Supervised learning – input labeled x and y. then give x and calculate probability p(y|x)
generative learning – basically Bayesian idea. forgot about sample and population ..
p(y|x) = p(y, x) / p(x) = p(x|y) * p(y) / sum(P(x, y)) ~ p(x|y) * p(y)
p(y) is the prior distribution of y.
p(x|y) is the probability of x given a y
So if assume a prior y, also p(x|y), which means assuming the distribution of labels and the distribution of input given a label, can get the probability of current observant under each label. Then maximize this. (Does this relate to mle as well?)

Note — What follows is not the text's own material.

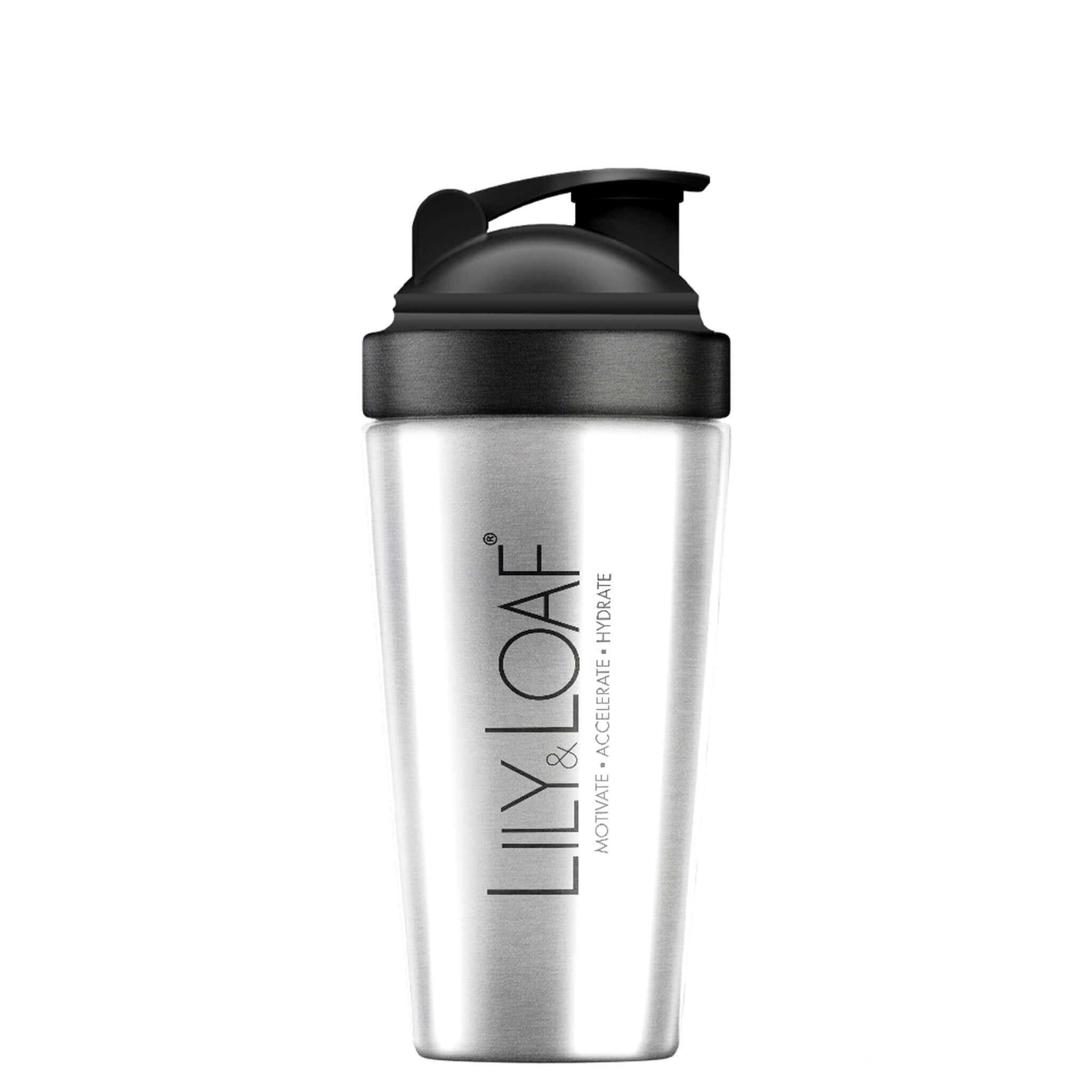 Clear shaker bottle with black lid on a white background, featuring the brand 'LILY & LOAF'.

Gaussian Discriminant Analysis Model
x is continuous real valued vectors
The prior for y is Bernoulli(phi)
x|y=0 ~ multivariate Gaussian with mean mu0 and cov sigma
x|y=0 ~ multivariate Gaussian with mean mu1 and cov sigma — same sigma!!
GDA and logistic regression :
if p(x|y) is a multivariate gaussian then p(y|x) follows a logistic function.
Q: GDA is a generative algo, while logistic regression is a discriminate algo. When use one over the other?
- GDA makes stronger assumptions about p(x|y). i.e. if p(x|y) ~ Gaussian, y ~ Bernoulli, then p(y|x) ~ logistic regresssion. But the inverse is not true. if p(y|x) ~ logistic, then it’s possible that p(x|y) ~ Poisson. Thus the assumption of logistic regression is weaker.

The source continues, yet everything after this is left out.